DATA LISTING:

■ ■ ■ ■ ■

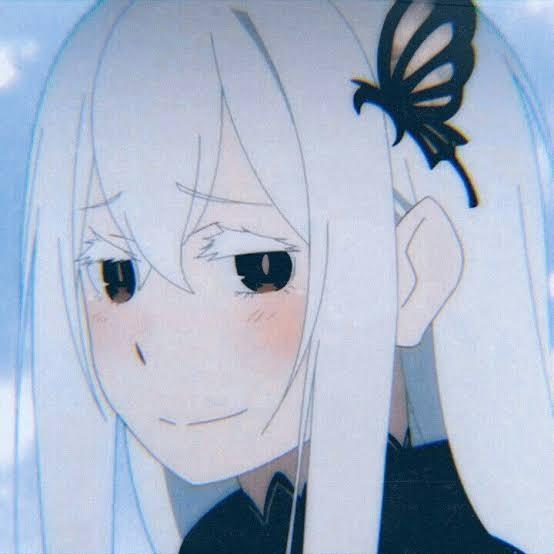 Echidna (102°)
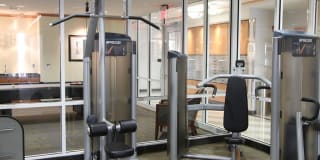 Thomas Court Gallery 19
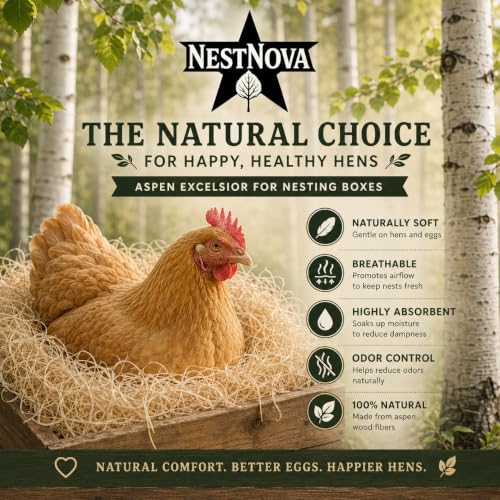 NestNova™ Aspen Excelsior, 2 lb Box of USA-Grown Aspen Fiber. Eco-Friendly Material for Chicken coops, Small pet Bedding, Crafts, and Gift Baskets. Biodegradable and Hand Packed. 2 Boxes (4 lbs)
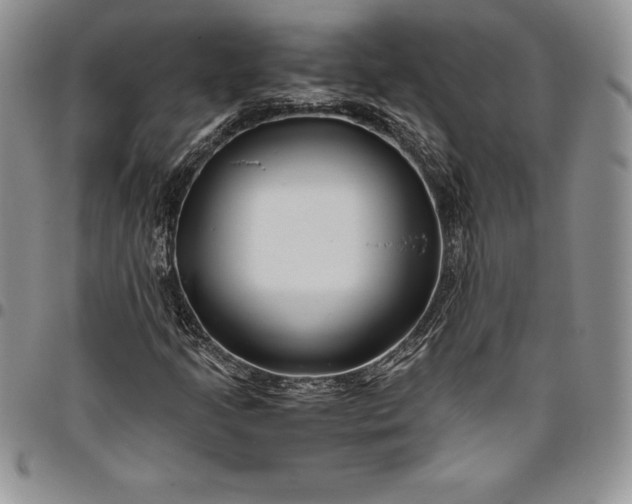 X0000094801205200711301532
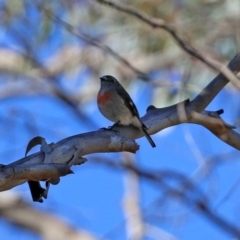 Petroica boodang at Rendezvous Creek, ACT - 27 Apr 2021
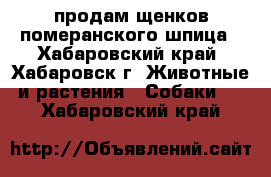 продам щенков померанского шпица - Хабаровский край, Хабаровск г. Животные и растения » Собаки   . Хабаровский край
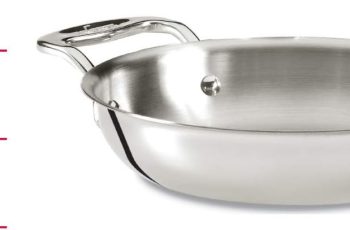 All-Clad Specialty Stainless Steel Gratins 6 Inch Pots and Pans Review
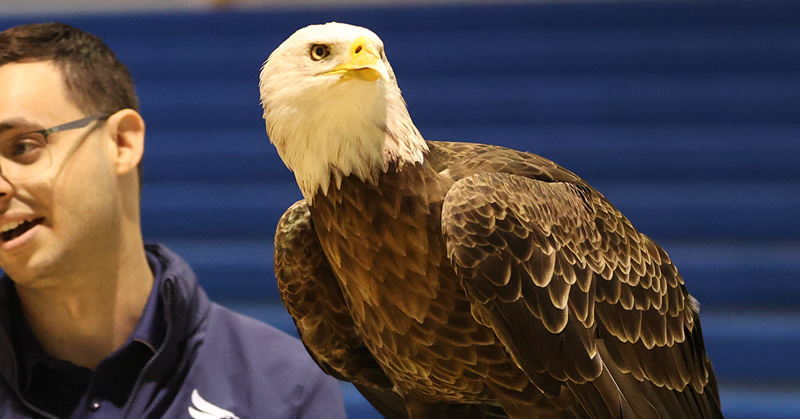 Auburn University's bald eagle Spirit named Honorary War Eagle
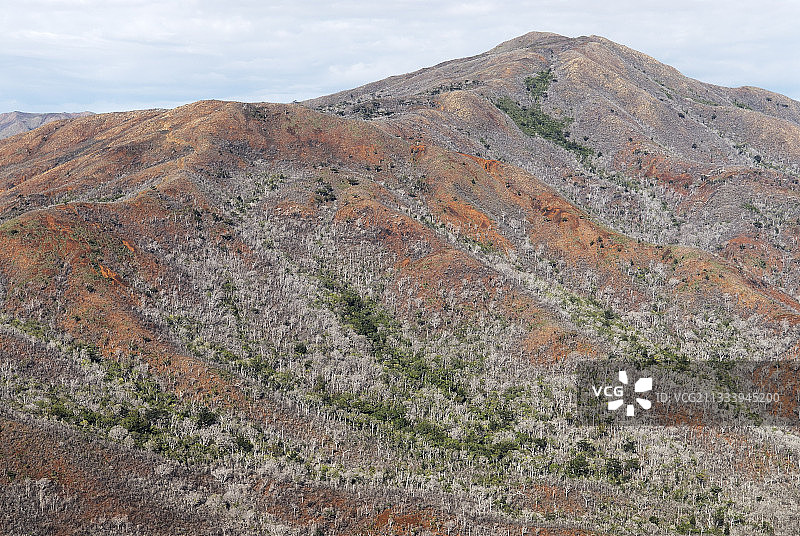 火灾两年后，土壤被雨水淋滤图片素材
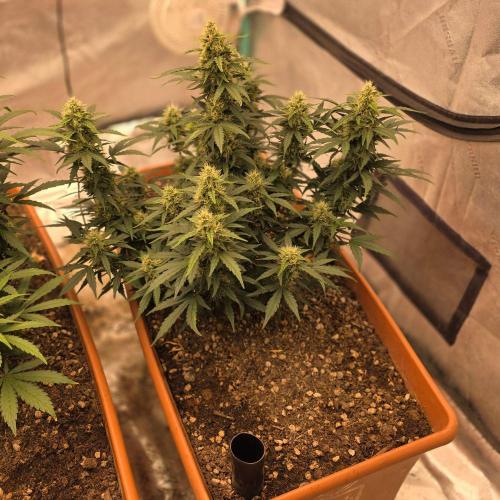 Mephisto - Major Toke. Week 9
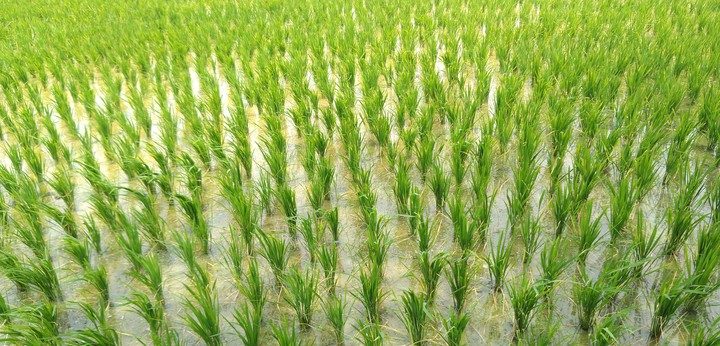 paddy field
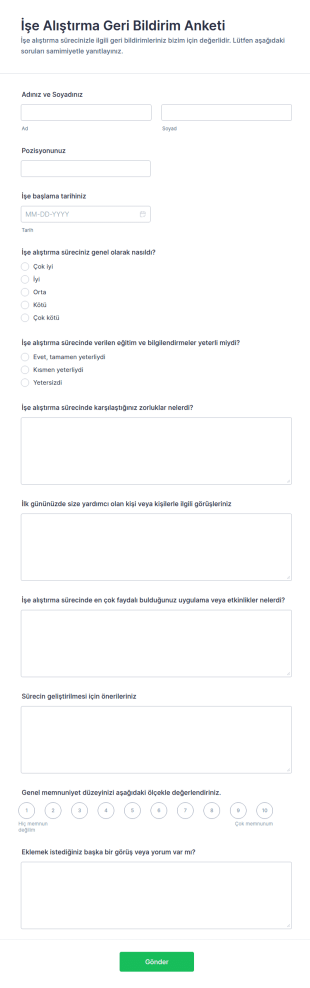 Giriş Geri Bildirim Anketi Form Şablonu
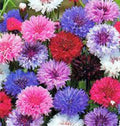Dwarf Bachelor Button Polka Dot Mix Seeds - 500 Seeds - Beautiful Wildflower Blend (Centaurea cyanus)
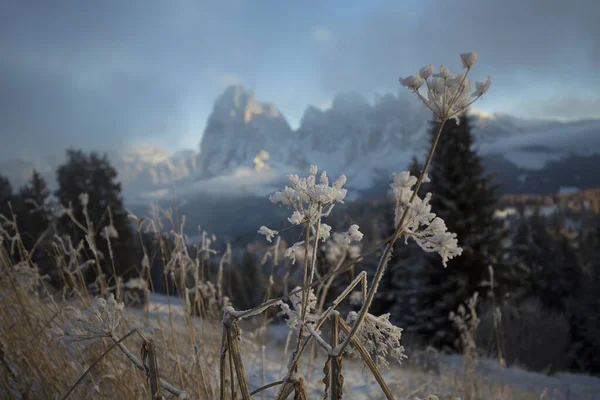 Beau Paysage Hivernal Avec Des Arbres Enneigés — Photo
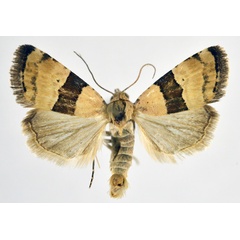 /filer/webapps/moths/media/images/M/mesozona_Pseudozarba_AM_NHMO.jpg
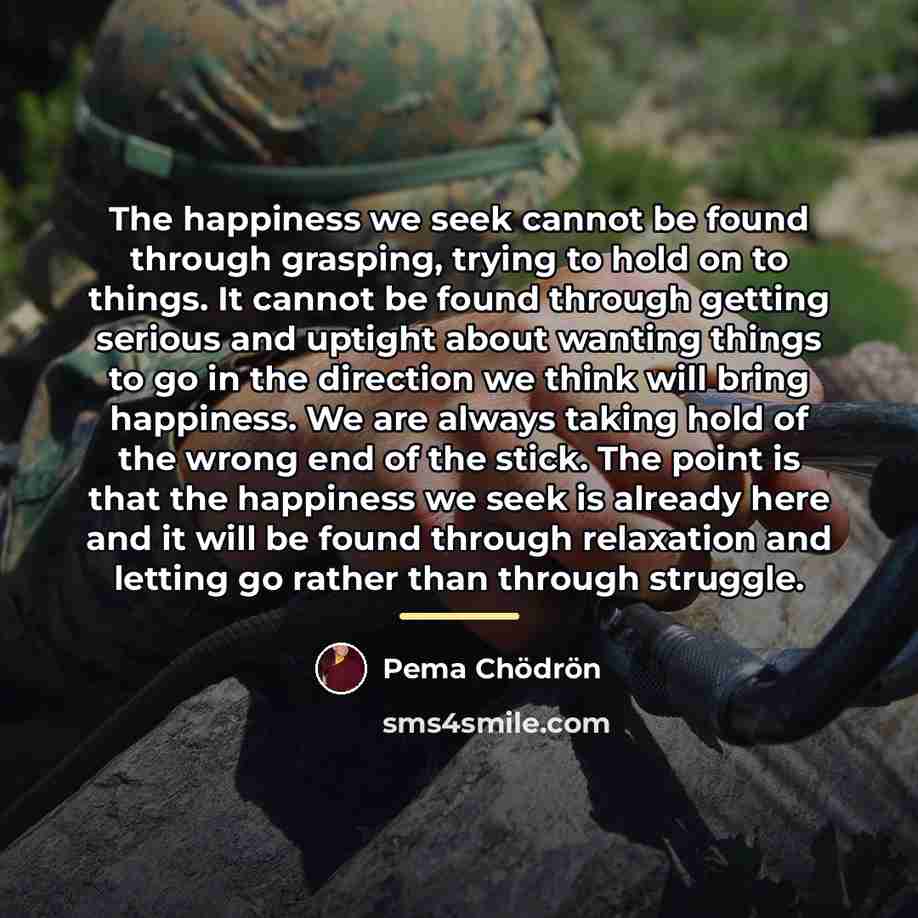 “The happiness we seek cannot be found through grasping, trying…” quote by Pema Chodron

■ ■ ■ ■ ■

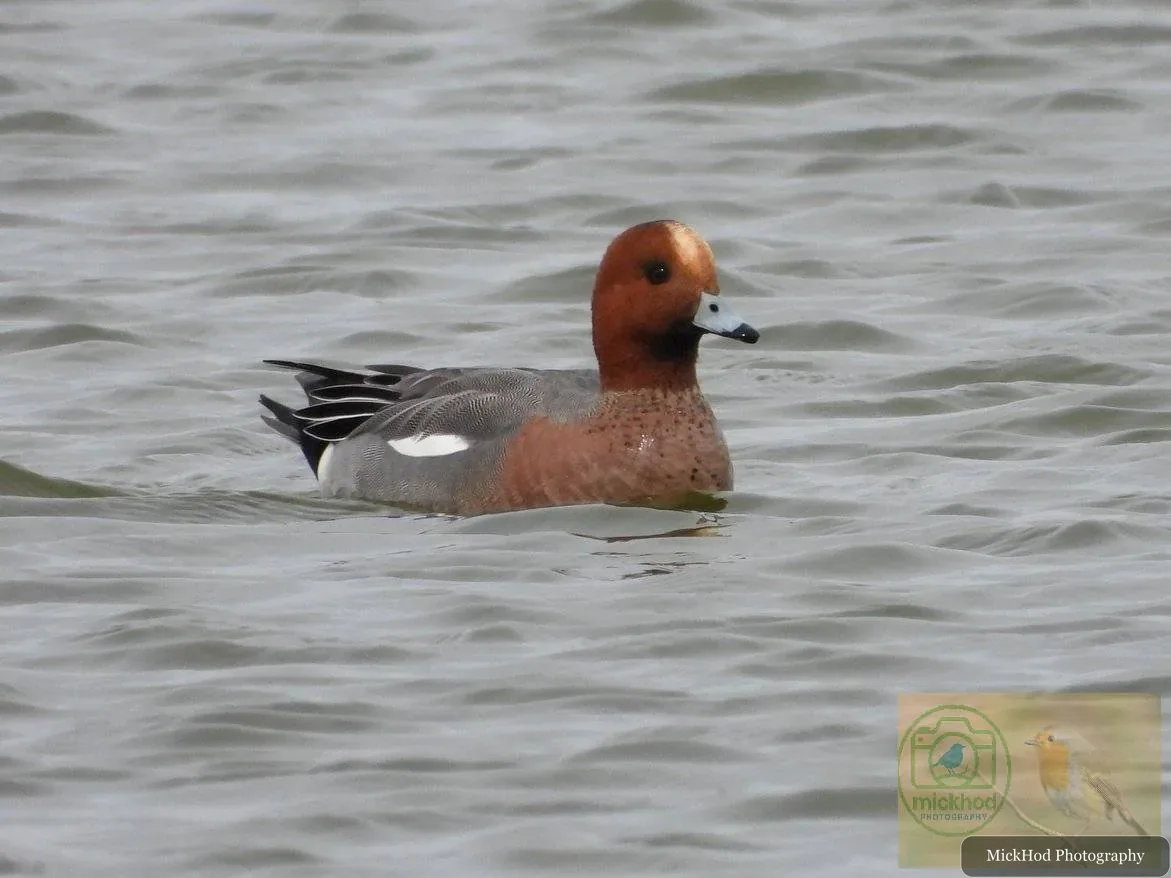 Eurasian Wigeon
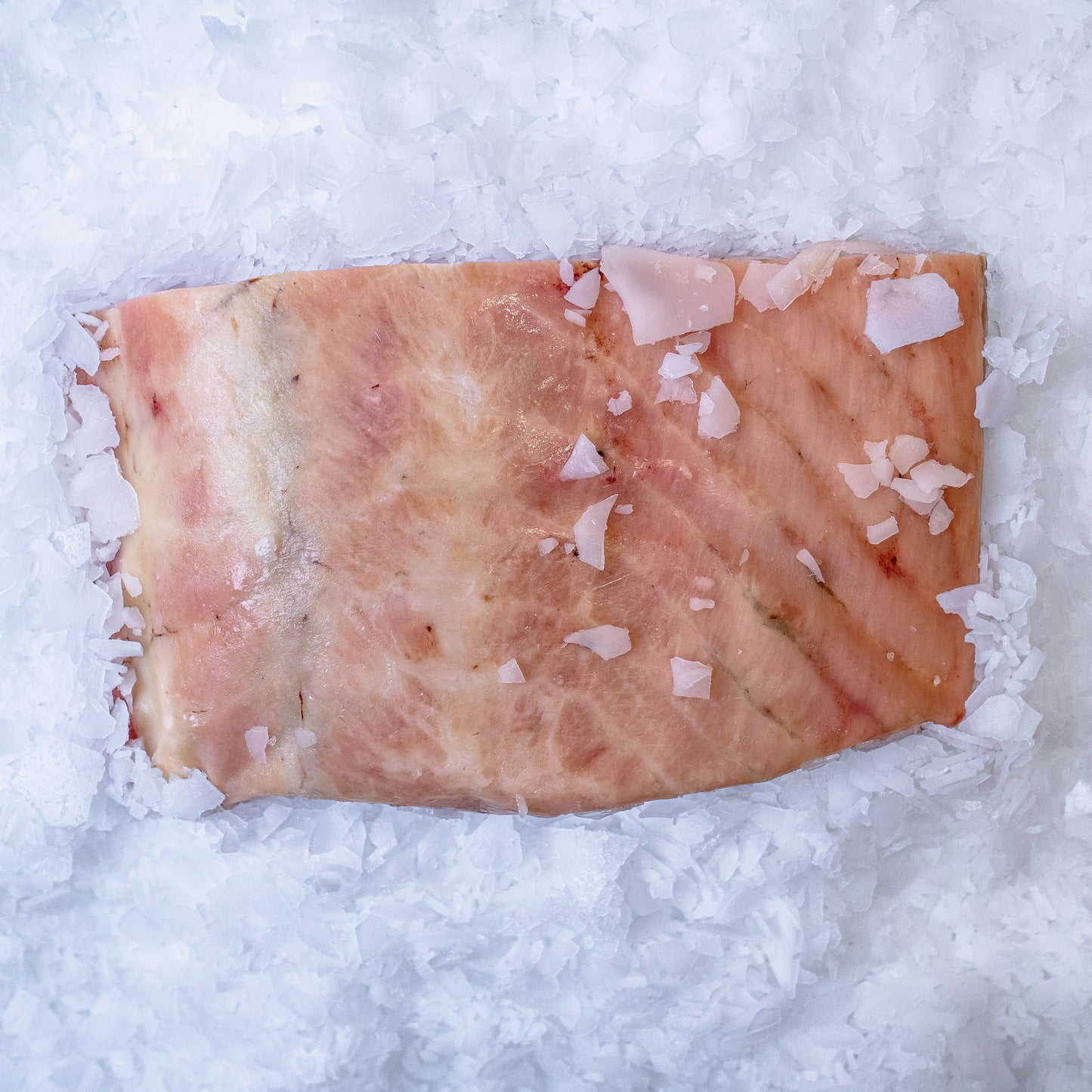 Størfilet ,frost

■ ■ ■ ■ ■

TASK INSTRUCTIONS:
With pictures excluded, reproduce exactly the lines above from the one containing "Auburn University's bald" down to the one containing "by Pema Chodron", those two included.

RESPONSE BELOW:
 Auburn University's bald eagle Spirit named Honorary War Eagle
 火灾两年后，土壤被雨水淋滤图片素材
 Mephisto - Major Toke. Week 9
 paddy field
 Giriş Geri Bildirim Anketi Form Şablonu
Dwarf Bachelor Button Polka Dot Mix Seeds - 500 Seeds - Beautiful Wildflower Blend (Centaurea cyanus)
 Beau Paysage Hivernal Avec Des Arbres Enneigés — Photo
 /filer/webapps/moths/media/images/M/mesozona_Pseudozarba_AM_NHMO.jpg
 “The happiness we seek cannot be found through grasping, trying…” quote by Pema Chodron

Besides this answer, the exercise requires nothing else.